-- PROBLEM TO WORK ON --
Taking the line that contains "金钱树烂根倒下来了,是怎么回事,现在烂的部分切掉 还可以种回去吗" as the start and the last line of the data as the end, repeat exactly every line in that span, but no pictures.

-- RECORDS SHOWN --
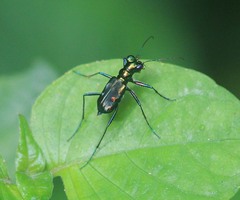 Cylindera versicolor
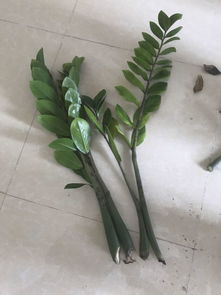 金钱树烂根倒下来了,是怎么回事,现在烂的部分切掉 还可以种回去吗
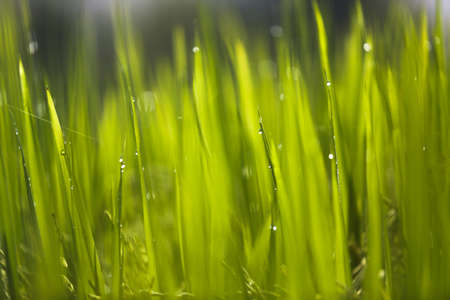 The Dewの写真素材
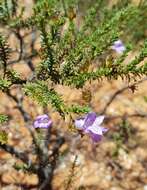 صورة Eremophila exilifolia F. Muell.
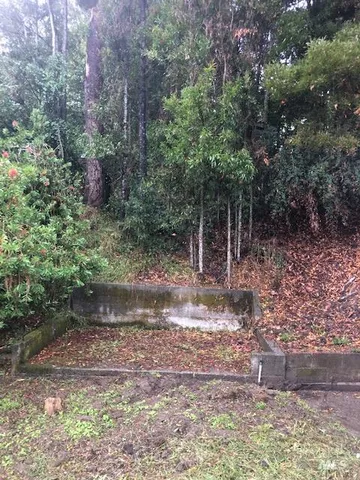 a view of a forest with trees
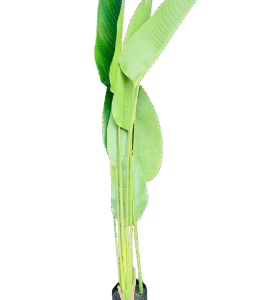 Tall Artificial Banana Leaf Plant in Pot – 1.5M Tropical Décor  Buy Artificial Plants in Kigali | Tropical Indoor Décor Rwanda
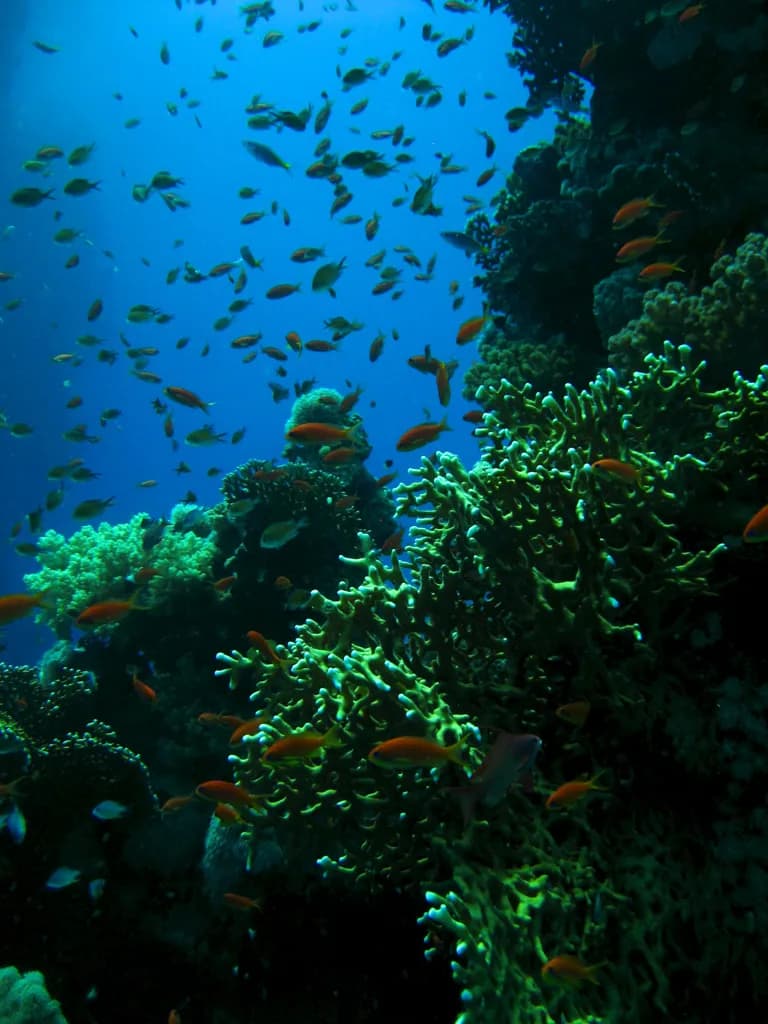Anthias de cola de lira (Pseudanthias squamipinnis)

-- OUTPUT OF THE TASK --
 金钱树烂根倒下来了,是怎么回事,现在烂的部分切掉 还可以种回去吗
 The Dewの写真素材
 صورة Eremophila exilifolia F. Muell.
 a view of a forest with trees
 Tall Artificial Banana Leaf Plant in Pot – 1.5M Tropical Décor  Buy Artificial Plants in Kigali | Tropical Indoor Décor Rwanda
Anthias de cola de lira (Pseudanthias squamipinnis)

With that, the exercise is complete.